Reused shared memory with `PREALLOCATED_WITH_REALLOC`

ros2 / rmw_fastrtps

Implementation of the ROS Middleware (rmw) Interface using eProsima's Fast RTPS.

Apache License 2.0

157 stars 117 forks source link

Reused shared memory with `PREALLOCATED_WITH_REALLOC` #783

Open mauropasse opened 1 month ago

mauropasse commented 1 month ago

On the PR https://github.com/ros2/rclcpp/pull/2624 I provide a fix to allow the user to make copies of loaned messages, keeping them beyond the subscription callback scope. With the fix, the loaned message is returned to the DDS when the user's copy of the message goes out of scope.
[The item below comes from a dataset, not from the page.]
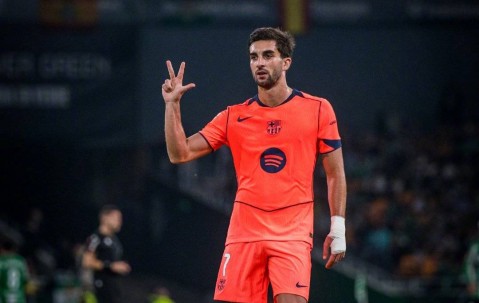 连进五球！巴萨5-3翻盘，悍将戴帽，西甲狂飙6连胜，稳住头名位置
In the PR I add a unit test to verify that memory is not reused until all entities have returned the loan. The tests fully pass when history memory policy is set as DYNAMIC_REUSABLE, but fails when set as PREALLOCATED_WITH_REALLOC:

[  FAILED  ] 2 tests, listed below:
[  FAILED  ] TestSharedMemory.user_is_last_loan_owner
[  FAILED  ] TestSharedMemory.sub_is_last_loan_owner

The failures mean that a user is provided with loaned memory which has been previously provided, and is still in use:

Case 1: The user keeps copies (loaned not returned)
Case 2: A not-spinning subscription is keeping copies in its internal buffer.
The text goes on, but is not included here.